LVMs | Prediction Guard

This page provides information on the Large Vision Models (LVMs) that are available in the Prediction Guard API. These multimodal models are designed for inference using text and images, and are used in the /chat/completions endpoint.

Models

Model Name	Type	Use Case	Context Length	More Info
Qwen2.5-VL-7B-Instruct	Vision Text Generation	Used for generating text from text and image inputs	16384	link

Model Descriptions

Qwen2.5-VL-7B-Instruct

This is a powerful vision-language model designed for complex multimodal understanding and instruction following. It excels at image, video, and document comprehension while maintaining strong capabilities in reasoning and code generation.

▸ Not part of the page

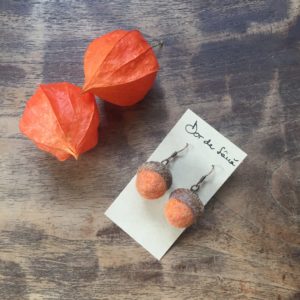 Acorn earrings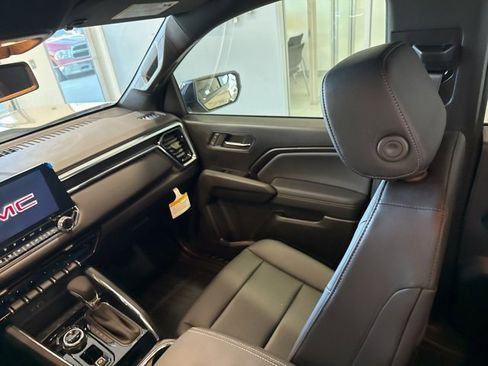 New 2026 GMC Canyon Elevation w/ Convenience Package image 23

Type: Chat Use Case: Vision-Language Understanding, Instruction Following, Tool Use Prompt Format: ChatML

https://huggingface.co/Qwen/Qwen2.5-VL-7B-Instruct

Qwen2.5-VL is the latest generation in the Qwen series of vision-language models, offering major improvements in structured visual understanding, agentic tool use, and long-context video reasoning. The 32B instruction-tuned variant is optimized for following user intent across both textual and visual inputs. Key enhancements include advanced multimodal reasoning, dynamic tool use, visual localization, and the ability to generate structured outputs from documents, forms, and images. It also introduces robust capabilities in understanding and summarizing long videos—over an hour in length—with temporal alignment and event capture. Qwen2.5-VL-7B-Instruct is built on an optimized ViT-based vision encoder with enhancements like SwiGLU and RMSNorm, and dynamic resolution sampling for efficient video comprehension. The model supports reliable JSON outputs and coordinates for grounded visual tasks, making it suitable for enterprise and applied AI use cases across finance, commerce, and logistics.